On Tue, 2 Jun 2015, Michal Hocko wrote:

> OOM killer might be triggered externally via sysrq+f. This is supposed
> to kill a task no matter what e.g. a task is selected even though there
> is an OOM victim on the way to exit. This is a big hammer for an admin
> to help to resolve a memory short condition when the system is not able
> to cope with it on its own in a reasonable time frame (e.g. when the
> system is trashing or the OOM killer cannot make sufficient progress).
>
> The forced OOM killing is currently wired into out_of_memory()
> call which is kind of ugly because generic out_of_memory path
> has to deal with configuration settings and heuristics which
> are completely irrelevant to the forced OOM killer (e.g.
> sysctl_oom_kill_allocating_task or OOM killer prevention for already
> dying tasks). Some of those will not apply to sysrq because the handler
> runs from the worker context.
> check_panic_on_oom on the other hand will work and that is kind of
> unexpected because sysrq+f should be usable to kill a mem hog whether
> the global OOM policy is to panic or not.
> It also doesn't make much sense to panic the system when no task cannot
> be killed because admin has a separate sysrq for that purpose.
>
> Let's pull forced OOM killer code out into a separate function
> (force_out_of_memory) which is really trivial now. Also extract the core
> of oom_kill_process into __oom_kill_process which doesn't do any
> OOM prevention heuristics.
> As a bonus we can clearly state that this is a forced OOM killer in the
> OOM message which is helpful to distinguish it from the regular OOM
> killer.
>

I'm not sure what the benefit of this is, and it's adding more code.
Having multiple pathways and requirements, such as constrained_alloc(), to
oom kill a process isn't any clearer, in my opinion. It also isn't
intended to be optimized since the oom killer called from the page
allocator and from sysrq aren't fastpaths.
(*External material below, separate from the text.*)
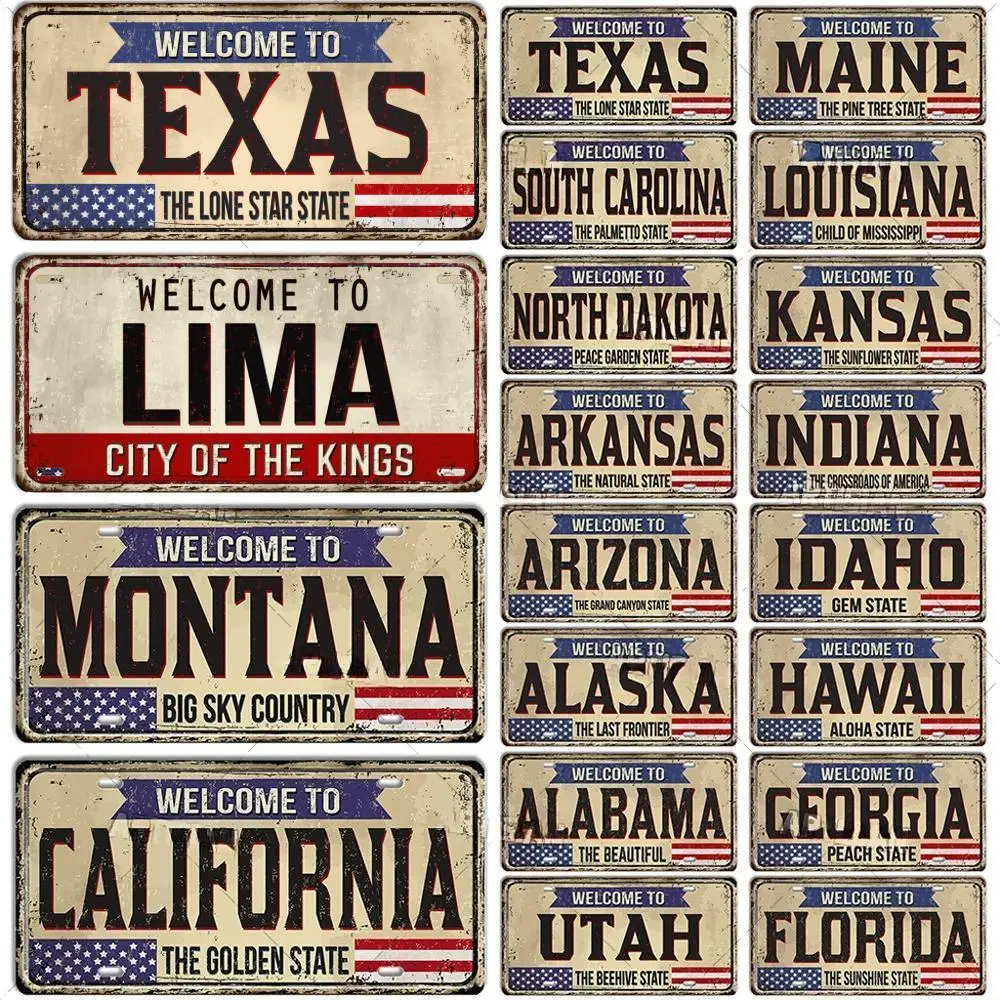 Vintage USA Landmark Plate Welcome To City Decorative Vehicle Plate State Metal Tin Plaque Garage Club Bar Pub Cafe Wall Decor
To me, this seems like only a
source code level change and doesn't make anything more clear but rather
adds more code and obfuscates the entry path.

2015-06-05 11:29:54

by Austin S Hemmelgarn

[permalink] [raw]
Subject: Re: [PATCH] oom: split out forced OOM killer

On 2015-06-04 18:59, David Rientjes wrote:
> On Tue, 2 Jun 2015, Michal Hocko wrote:
>
>> OOM killer might be triggered externally via sysrq+f. This is supposed
>> to kill a task no matter what e.g. a task is selected even though there
>> is an OOM victim on the way to exit. This is a big hammer for an admin
>> to help to resolve a memory short condition when the system is not able
>> to cope with it on its own in a reasonable time frame (e.g. when the
>> system is trashing or the OOM killer cannot make sufficient progress).
>>
>> The forced OOM killing is currently wired into out_of_memory()
>> call which is kind of ugly because generic out_of_memory path
>> has to deal with configuration settings and heuristics which
>> are completely irrelevant to the forced OOM killer (e.g.
>> sysctl_oom_kill_allocating_task or OOM killer prevention for already
>> dying tasks). Some of those will not apply to sysrq because the handler
>> runs from the worker context.
>> check_panic_on_oom on the other hand will work and that is kind of
>> unexpected because sysrq+f should be usable to kill a mem hog whether
>> the global OOM policy is to panic or not.
>> It also doesn't make much sense to panic the system when no task cannot
>> be killed because admin has a separate sysrq for that purpose.
>>
>> Let's pull forced OOM killer code out into a separate function
>> (force_out_of_memory) which is really trivial now. Also extract the core
>> of oom_kill_process into __oom_kill_process which doesn't do any
>> OOM prevention heuristics.
>> As a bonus we can clearly state that this is a forced OOM killer in the
>> OOM message which is helpful to distinguish it from the regular OOM
>> killer.
>>
>
> I'm not sure what the benefit of this is, and it's adding more code.
> Having multiple pathways and requirements, such as constrained_alloc(), to
> oom kill a process isn't any clearer, in my opinion. It also isn't
> intended to be optimized since the oom killer called from the page
> allocator and from sysrq aren't fastpaths. To me, this seems like only a
> source code level change and doesn't make anything more clear but rather
> adds more code and obfuscates the entry path.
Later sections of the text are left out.